I am trying to understand how a normal tree with $\aleph_1$ node can fail to have a branch of cardinality $\aleph_1$.
Consider the tree of height $\omega_1$ whose nodes are $\mathbb{Q}$-valued strictly increasing $\alpha$-sequences.
This tree is normal : it has a single root; every node has a least to immediate successors; for every $\alpha < \beta < \omega_1$, if $x$ is on the $\alpha$-th level then there exist $y$ on the $\beta$-th level such that $x < y$.
This tree cannot have a branch of length $\omega_1$, for there would be an injection of $\omega_1$ into $\mathbb{Q}$.
Why does a proof in the style of König's Lemma break down for ω1? What is wrong with "Pick a node that has an uncountable number of successors as, if one doesn't exist, then you have a countable union of countable things which must (choice) be countable."?

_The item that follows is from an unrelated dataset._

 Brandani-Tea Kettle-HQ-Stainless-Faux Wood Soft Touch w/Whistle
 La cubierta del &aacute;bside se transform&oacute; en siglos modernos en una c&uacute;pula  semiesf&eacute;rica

This question is closely related to Aronszajn Trees and König's Lemma but but I am not requiering that the tree be an Aronszajn tree.

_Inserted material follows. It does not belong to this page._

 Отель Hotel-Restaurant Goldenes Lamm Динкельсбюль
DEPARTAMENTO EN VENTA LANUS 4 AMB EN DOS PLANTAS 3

How are you going to carry the recursive construction of a branch beyond the first $\omega$ steps? Every node has uncountably many successors at the next higher limit level, so you can easily construct a strictly increasing sequence $\langle x_n:n\in\omega\rangle$ of nodes, but if $\sup_n\sup x_n=\infty$, which is certainly possible, you won’t be able to extend this sequence of nodes any higher in the tree.